Congratulations to our friends and partners at the Endangered Archives Programme, who celebrate their tenth anniversary this month.
The Endangered Archives Programme aims “to contribute to the preservation of archival material that is in danger of destruction, neglect or physical deterioration world-wide. This is achieved principally through the award of grants in an annual competition. The grants provide funding to enable successful applicants to locate relevant endangered archival collections, to arrange their transfer to a suitable local archival home where possible, to create digital copies of the material and to deposit the copies with local institutions and the British Library.”
Their recent work has covered subjects ranging from the minority press in Ottoman Turkish in Bulgaria, through the archival heritage of Montserrat and the Archive of the Music Museum of Nepal, to endangered Cham manuscripts in Vietnam. Their activities at the Al-Aqsa Mosque Library in East Jerusalem, and in Mali, for example, have been courageous as well as culturally significant.
Their work and their ideals are clearly very close to the concerns of SLA and the Diasporic Literary Archives Network relating to papers of dissident authors, and “archives at risk” more generally.
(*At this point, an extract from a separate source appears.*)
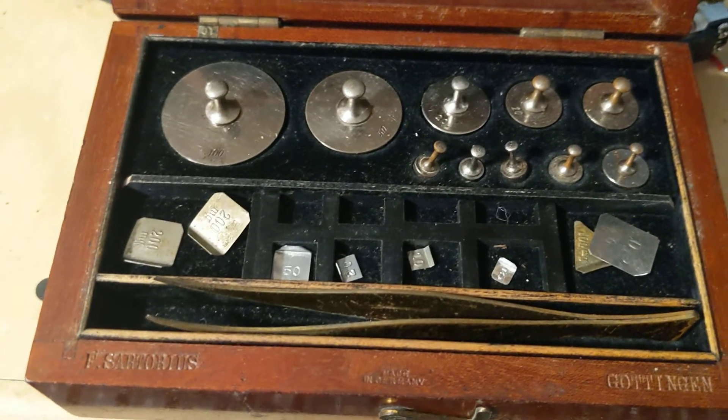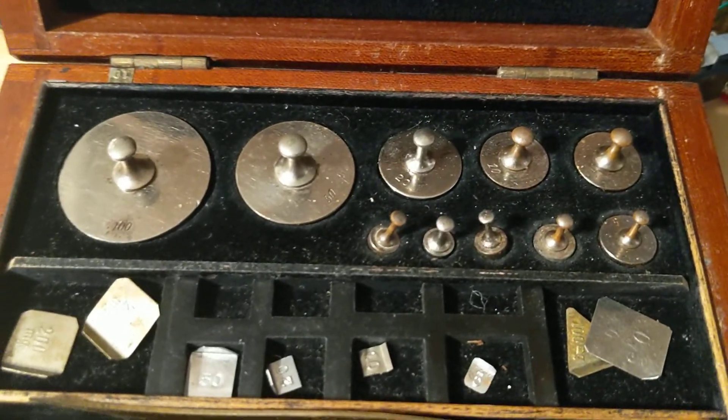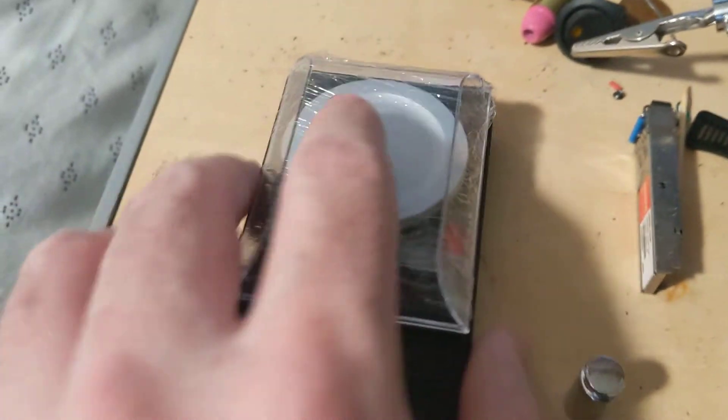Hi everybody, time for another short scale update. I got some goodies in. First off, I got some check weights in grams, and then I've got a Waboo 10 gram scale.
This is part of their policy statement: “The original archival material will not leave the country of origin except in exceptional cases when it is required to do so temporarily for specific conservation or copying purposes. Even then, this will only be permissible with the written approval from the relevant governmental authority and the material will be returned to the country of origin once the reason for its temporary removal has been fulfilled. At least two surrogate sets of all material copied are made – one to be deposited at the British Library and the other to remain in the country of origin at the designated archival partner institution to facilitate access by local researchers.”